Why can’t anything in life ever get any cheaper? Not only do we have to deal with high gas prices, food costs rising — and let’s not forget about housing — but the costs of tuition are continuously on the rise.
If you’re a parent and you have hopes and dreams of your child becoming something like an engineer, or a doctor, or a lawyer, you might also have nightmares about the cost of tuition once they graduate from high school.
Let me walk you through how the Registered Education Savings Plan (RESP) can cut down tuition costs significantly.
How the RESP works
If you open an RESP for your child and contribute $2,500 per year, you will get a $500 education grant courtesy of the Canadian government. You can get up to $7,200 in “free” grants for your contribution.

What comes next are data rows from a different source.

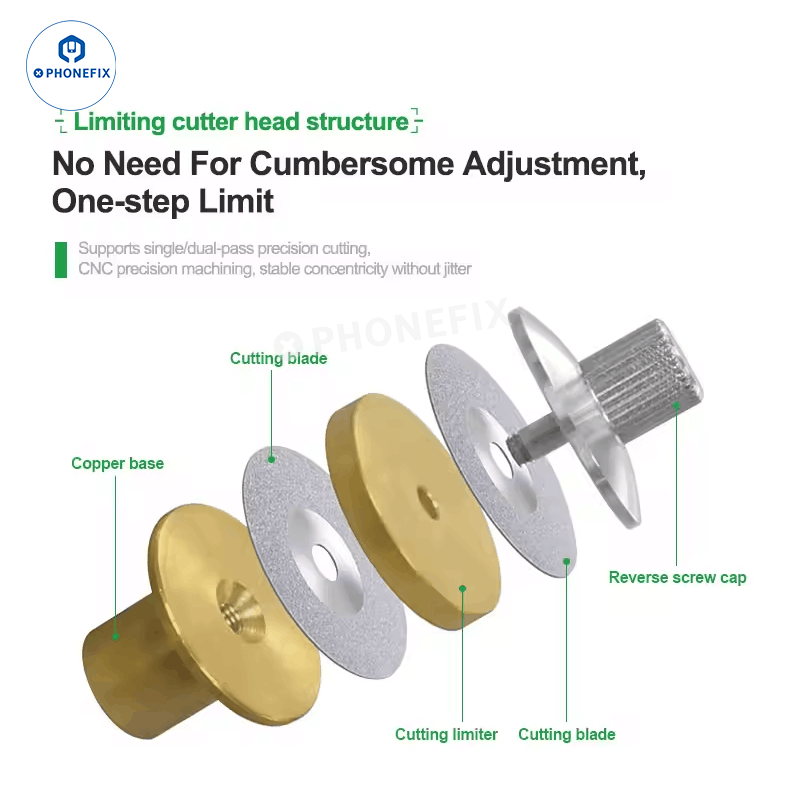 Relife RL-090 Curved Screen Cutting Head for OCA Glue Remover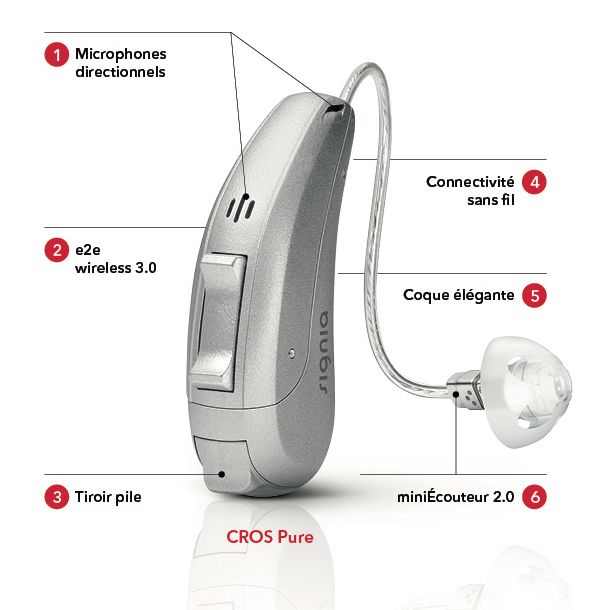 Système CROS Signia-Siemens - Vers une meilleure autonomie ? - Tout sur l' audition, la surdité et les appareils auditifs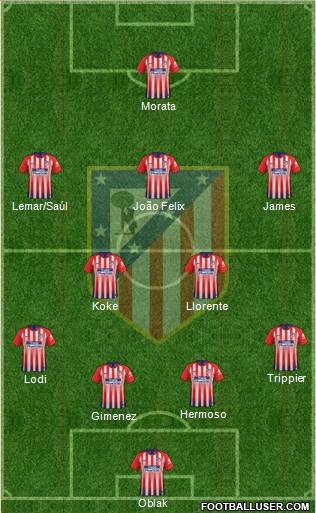 C. Atlético Madrid S.A.D. Formation 2019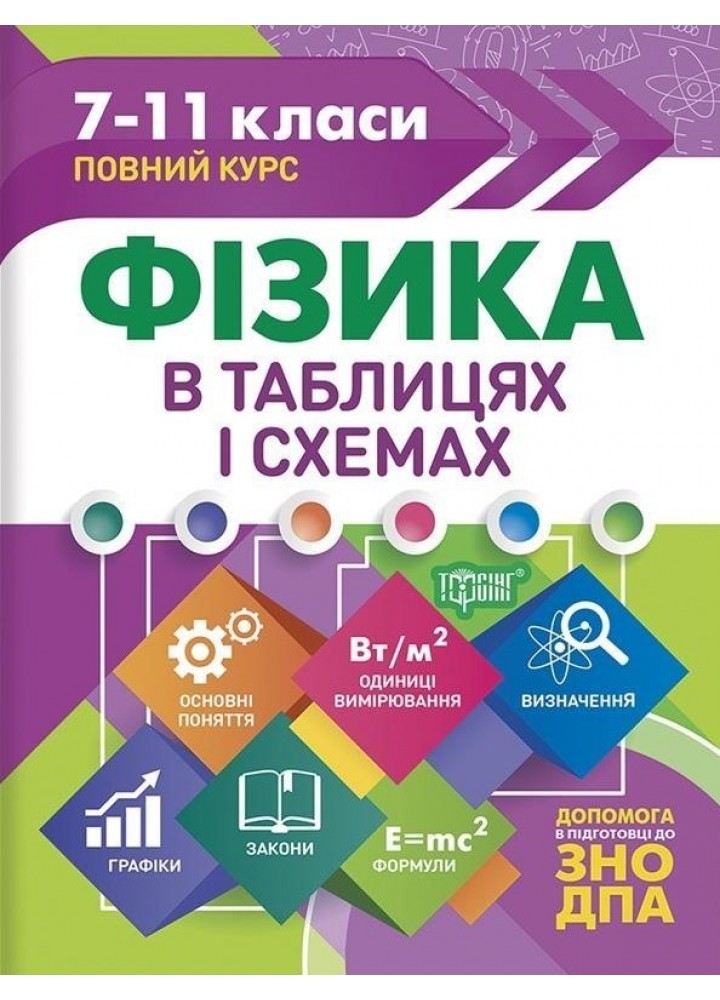 Таблиці та схеми Фізика в таблицях і схемах. 7-11 класи, до ДПА, ЗНО - 0 - Торсінг (104509)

The investments inside your RESP also grow tax-free, which over 18 years can add up to a significant amount. The $7,200 in free grant money, combined with the investments growing tax-free, is where the power of the RESP lies.

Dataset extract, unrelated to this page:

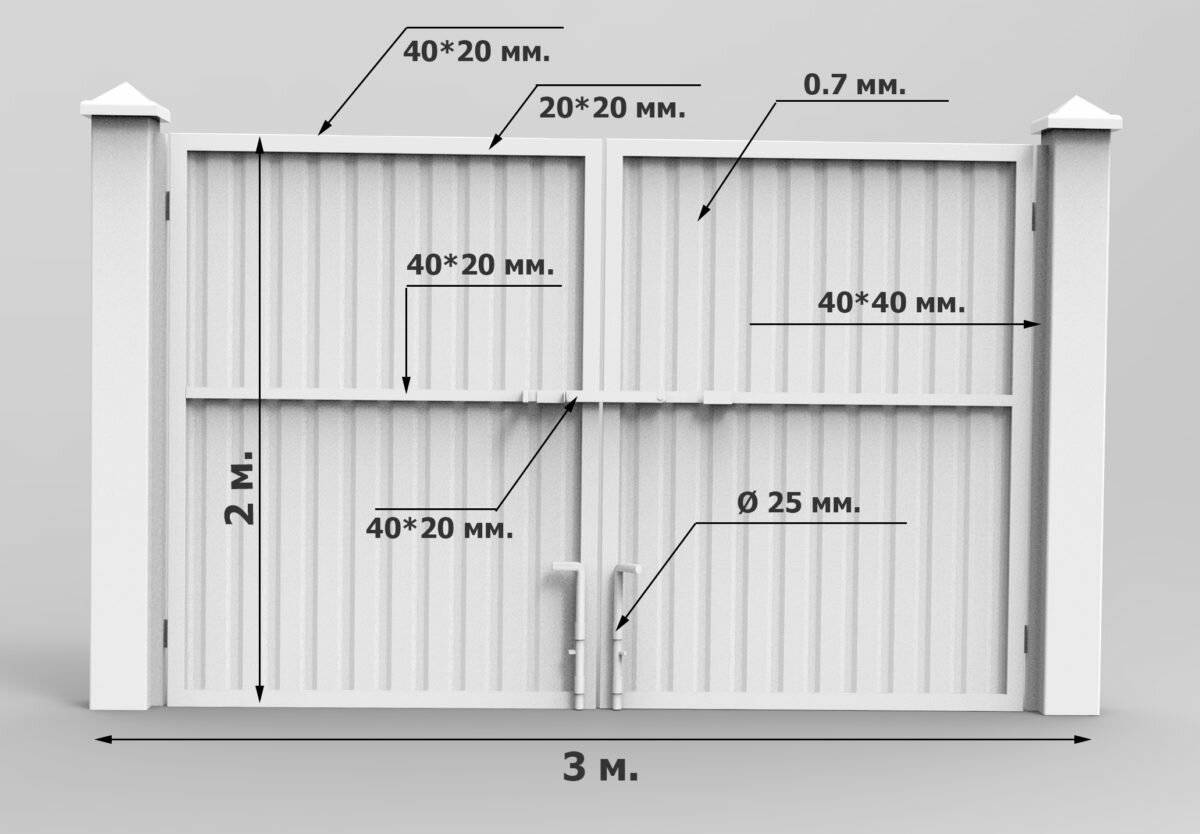 Ширина калитки в заборе: стандартные размеры из профнастила, евроштакетника и штакетника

Note that although the RESP is taxable when withdrawn, it is taxable under your child’s income, which should be very little to none since they will be students.
What to invest in your RESP
Although you have a wide range of investments you can hold inside of your RESP, buying stocks is where you can see some significant growth. All the dividend, interest, and capital gains will grow tax-free within your RESP.
Take, for example, a company like CIBC (TSX:CM)(NYSE:CM). CIBC is a $48 billion blue-chip Canadian TSX bank stock. The company has the privilege of being one of the Big Five elite of the banking system in Canada.
Canadian banks are known throughout the world as high-quality resilient investments, having weathered the 2008 financial crisis admirably.
CIBC’s dividend streak runs 151 years. The payouts held steady even during the financial crisis of 2000 and 2008. CIBC’s yield today is a juicy 5.37%, the highest of the Big Five banks.
Any investor with the same investment thinking will also pick the bank that is forward-looking, innovative, and one of the most progressive among Canada’s big banks.
RESP example with CIBC stock
Here’s an example of what the power of RESP grants can give you. Imagine that you were a parent 18 years ago and you’d opened up an RESP and invested in CIBC.
$2,500 invested in CIBC 18 years ago is worth $10,508 today, with dividends reinvested. With the free grant of $500, you would have a total of $3,000 invested in CIBC 18 years ago, which is worth $12,609 today.
Because of the free grant, you would have over $2,000 extra by the time your child turns 18! $2,000 is not a small amount and can be very significant if you decide to contribute every year of the child’s life.
Conclusion
The RESP is a special account. It’s not often that you get free money from the government, and this is one of those rare occasions. Take full advantage of it, invest early, and your child will thank you for it when they start their dream career.